Electronic - Raise the Pressure
or better or worse, we here at Stylus, in all of our autocratic consumer-crit greed, are slaves to timeliness. A record over six months old is often discarded, deemed too old for publication, a relic in the internet age. That's why each week at Stylus, one writer takes a look at an album with the benefit of time. Whether it has been unjustly ignored, unfairly lauded, or misunderstood in some fundamental way, we aim with On Second Thought to provide a fresh look at albums that need it.
Whether it's an unfettered Bernard Sumner or a Johnny Marr free to make merry with a hook that's responsible for 1996’s Raise the Pressure's shameless gaiety makes no difference. Both were the poptastic bastard children of their respective groups, and the combination of the two is enough to pen a song called "If You've Got Love." That's all we really need as an entry point—Sumner is as loveably indecipherable as ever, Marr's guitar, when it does appear, is as intrusive as a wounded lover hammering on Bernie's door in some swank Ibiza hotel. Which, to be honest, is where most of Raise the Pressure seems to talk place.
All of which is good, if sometimes nauseating. Strident chords, house-y piano breaks, rave-era curlicue synths, acoustic-sounding guitars through the chorus pedal, that vocoder effect, smoothly generic backup vox—all are present and accounted for. Thankfully, lush and vapid has been proven to age much better than self-consciously "relevant": Raise the Pressure is joyfully free of the trendy "ambient" touches that now date Republic as indelibly as a Notary stamp reading "1993." On the other hand, every song on Raise the Pressure is replete with hooks, bells, whistles, pacifiers, and candy necklaces; every song treads a fine line between aww sweet and ick banal; and every song raises that eternal question within the listener's mind—do I want to mount Bernard Sumner or simply choke him to death?
Dig "For You." It's a summer's kiss of a tune, charming and ripely forgettable—the kind of unconsciously-eternal tune that must descend upon you as you enter the halls of Pop's own Valhalla. "Can we meet on the street, maybe tomorrow / See the world at our feet, naked and hollow" sings the Barney. Words to live by, says I. The countrified breakdown makes me forget about the fascination I have with my own feces, says Salvador Dali. "Dark Angel" reminds you that this pair are about making some dance music, godammit, and if "love comes too late," well at least it comes with a hard-house breakdown that could fill Danny Tenaglia's trousers. "Second Nature" makes good on the New Order-gone-R&B-vibe promised by Republic's "Liar"—evilly-smooth funk so monolithic even Marr's chicken-scratch guitar can't defang it.
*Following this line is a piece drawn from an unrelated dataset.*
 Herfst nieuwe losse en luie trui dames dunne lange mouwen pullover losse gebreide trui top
The song itself, featuring one of Sumner's most concise lyrics, appears to be about overcoming one's own brutally self-aware past and living a life filled with the kind of cosmic naivete that's been the man's bread and butter since "Thieves Like Us."
Which, in the end is the bleeding point of this much-maligned record (i.e. to present Bernard Sumner's wordview in a series of heroic pop vignettes, every song an anthem an every anthem almost a song). If "One Day" envisions the future where naked come the nude, "Freefall" puts us right in the middle of it. It would have fared better as a single—a triple-stacked Mitsubishi tripping straight to the heart of rain / euphoria metaphoria. On an album of this length (it's 1996, remember) it might be one pill too many. "How Long" and "Time Can Tell" to the rescue, then. The former sighs over love's tenacity, while the latter has the audacity to question it outright even as it reaffirms the anthemic "work it out" spirit of the album ("Will we still be together / In a year from now / Or do we hate each other / We're gonna get through somehow"). It's one of the most accurate portraits of love-in-conflict ever painted—set to Mediterranean guitar strums and a hazy proto-downtempo backbeat, it's no wonder it got lost in the shuffle.
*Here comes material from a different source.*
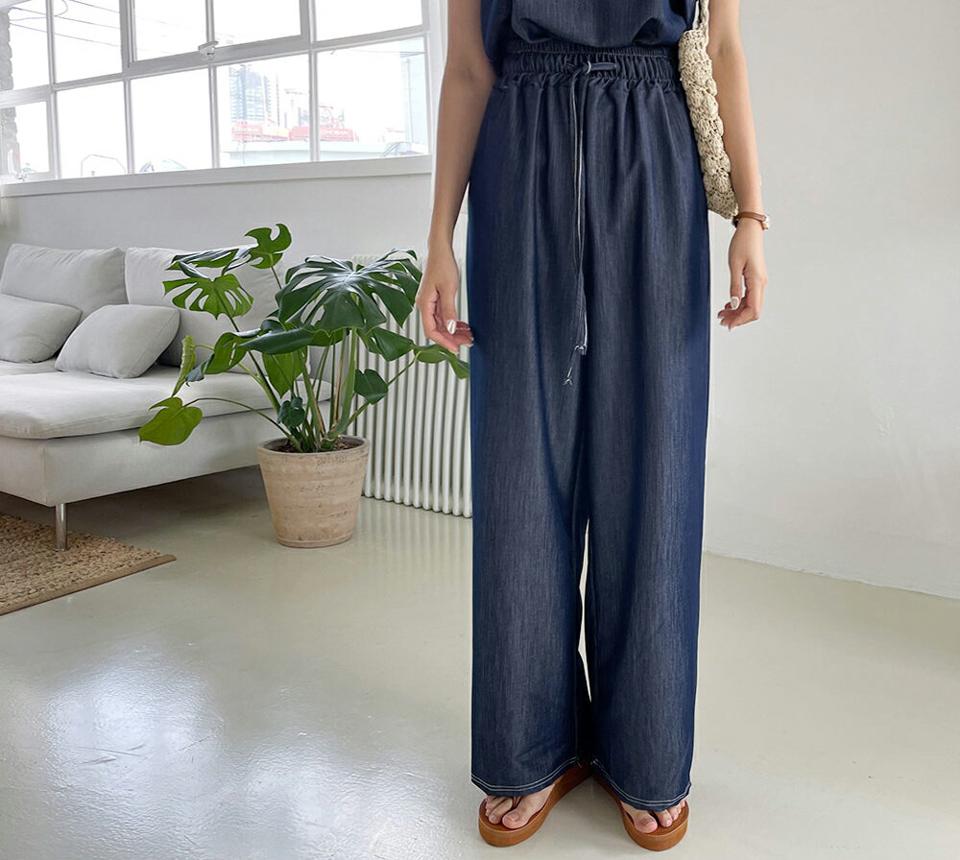 ステッチデニムパンツ・全2色・t64656 レディース 【pt】韓国ファッション ボトムス パンツ ロング ロングパンツ ワイド 足長 ルーズ ゆったり 細身 着痩せ 体型カバー ストレート ステッチ スリーブパンツ ストリング 春 夏 NIJU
By itself, the sentiment of "Time Can Tell" would be nice enough—it's a hopeful ode that one might drop on the end of a mixtape made for a lover during a difficult point in your relationship. Coming at the end of an hour's worth of anthemic statements dedicated to a Love Triumphant, it's nothing short of sheer bravery. Why the acknowledgment of the ephemeral vagueness of love at the tail end of an album seemingly dedicated to founding an entire wordview on its certitude? This very notion, sheathed in the delicate armor of almost-perfectly disposable pop, is what makes Raise the Pressure paradoxically both easily dismissible and utterly essential. Much like love itself.